I'm thinking why did I go to Indonesia when there are all sorts of natural disasters to contend with here in the United States? Four years ago, friends from my company, ESRI, based in San Bernardino County, sent pictures of the fires near Lake Arrowhead; many people were evacuated and some lost their properties. Here we are again, but across seven counties. It's almost unbelievable.
I logged on to a neighbor's blog and found out that the local school (right behind our house in California) is shut down today and tomorrow because of poor air quality.
Rob's uncle down in San Diego has not been evacuated YET, but everyone else within a two mile radius has. His wife's family has had houses on both sides of them burn down.
Check out this blog, run by ESRI staff who care, on how these fires and those of four years ago, compare.

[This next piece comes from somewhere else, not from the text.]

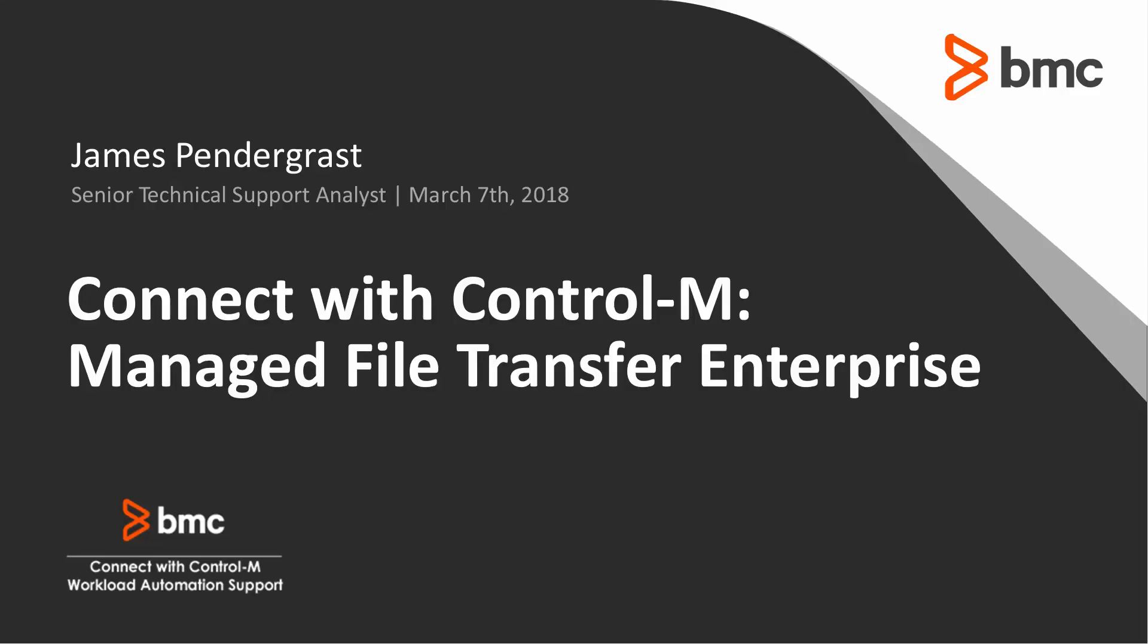Good day everyone. Thank you for joining and welcome to this month's Connect with Control-M. My name is James Pendergrast and I'm a member of the BMC customer support team. Today, we're going to talk about Managed File Transfer Enterprise, sometimes referred to as Managed File Transfer B2B.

We're praying for you, So Cal.
One of the things I love, love, love about the company that has kept me gainfully, if not creatively, employed for the last fourteen or so years is the remarkable charitable attitude the owner and founder, Jack Dangermond, has towards organizations that can benefit from his technology (geographic information systems - basically maps smarter than you'll ever be!). Thanks to the incredibly intelligent people (I do not include myself in this category) who are attracted to ESRI, they are able to support emergencies every year, including this year's fires.
While in Banda Aceh, Indonesia, I worked with the local government to fix their GIS licenses and get them up and running on our new technology. This required me to fanagle my buddy and senior sales dude to fly over and wheel and deal. After it was all said and done, my incredible company donated around $250,000 for emergency response software licensing. That perhaps is why I'm in marketing and not sales, I'm way too much overhead, eh? I think my hubby would concur.